Amazon Managed Prometheus and Grafana to rescue … BUT The good news for us is that AWS had something for us, a serverless and fully managed services for both Grafana and Prometheus, namely Amazon Managed Grafana and Amazon Managed Service for Prometheus that could allow us to:

Continue leveraging our expertise. Continue to benefit from the rich Grafana and Prometheus ecosystems that extend also to the AWS platform (AWS Data Sources Plugins and pre-built community dashboards for Grafana). Ease/Simplify integration with AWS ecosystem Security integration, it will leverage our AWS SSO implementation to authenticate and manage access control of Grafana users and leverage AWS IAM Roles and Policies to grant granular access to the different AWS compute services. Metrics collection. It will be able to collect metrics from applications running on the different compute options spectrum available in AWS by deploying Prometheus server instance on Amazon EC2, ECS or leveraging AWS Distro for OpenTelemetry and AWS Lambda Layers to collect metrics in AWS Lambda and ECS or EKS. However, that came also with some design decisions we had to make.

First we have less customization possibilities. As Amazon Managed Grafana is an AWS fully managed service, we don’t have access to the underlying OS which means no ability to deploy custom Grafana Data Source plugins.

We faced specifically this issue when trying to implement some useful security and operations metrics from AWS CloudTrail

For example: number of failed login attempts, number for auto-scaling events

We have centralized our CloudTrail logs into an Amazon S3 bucket, we had no way to query those logs to extract meaningful metrics at the time of writing this blog. We could write our own custom plugin or reuse existing community Athena plugin to do so but again with Amazon Managed Grafana we could not access underlying system to deploy it.
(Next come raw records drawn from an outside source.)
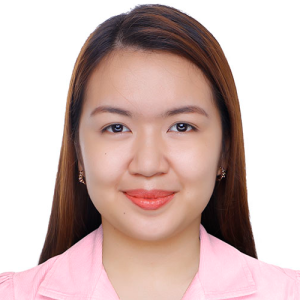 Eloisa Tomas-Freelancer in Tarlac City,Philippines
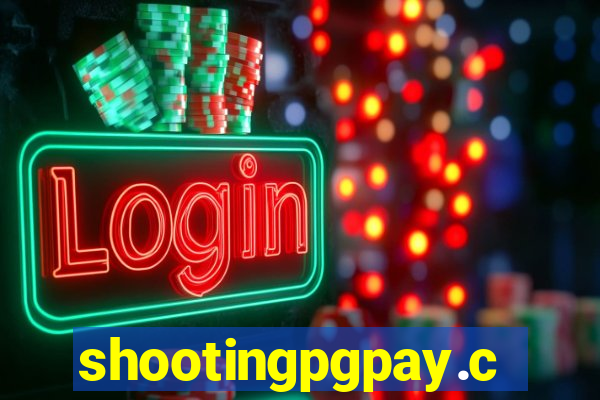 shootingpgpay.com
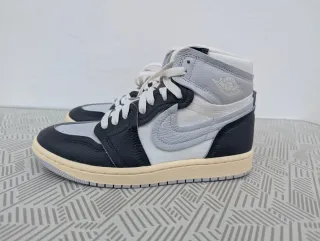 NIKE JORDAN 1 MM Talla 38,5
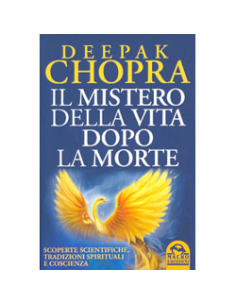 Il Mistero della Vita dopo la Morte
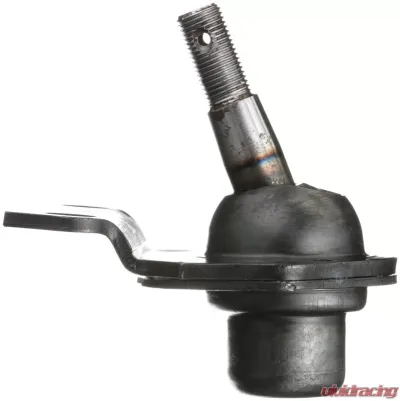 Delphi Ball Joint Front Lower - TC6537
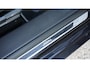 Volkswagen Caddy 1.4 TSI 125pk DSG 5-Zits 2x Schuifdeur LED Navi Trekhaak Stoelverwarming APP-Connect *Unieke Caddy* Marge voertuig!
Luckily, we knew that Amazon Managed Grafana has the support of Amazon CloudWatch logs and that AWS CloudTrails multi-account, multi-regions logs, in addition to a S3 bucket, could be also centralized in a CloudWatch Log group but that’s possible only in the management account of our AWS Organization at the time of writing this blog.

So we ended up adding a CloudWatch log group as an additional destination of our existing trail of AWS CloudTrail and put in place a restricted access policy allowing our Amazon Managed Grafana workspace access only that specific log group in the management account. We also setup a retention policy of 30 days for that log group to save our costs meaning that we could visualize metrics only in a 30 days back window in Grafana which met our requirements. If we wanted to dig deeper or get more historical data, then we still could fall back into Amazon Athena service to query the CloudTrail logs from the centralized S3 bucket.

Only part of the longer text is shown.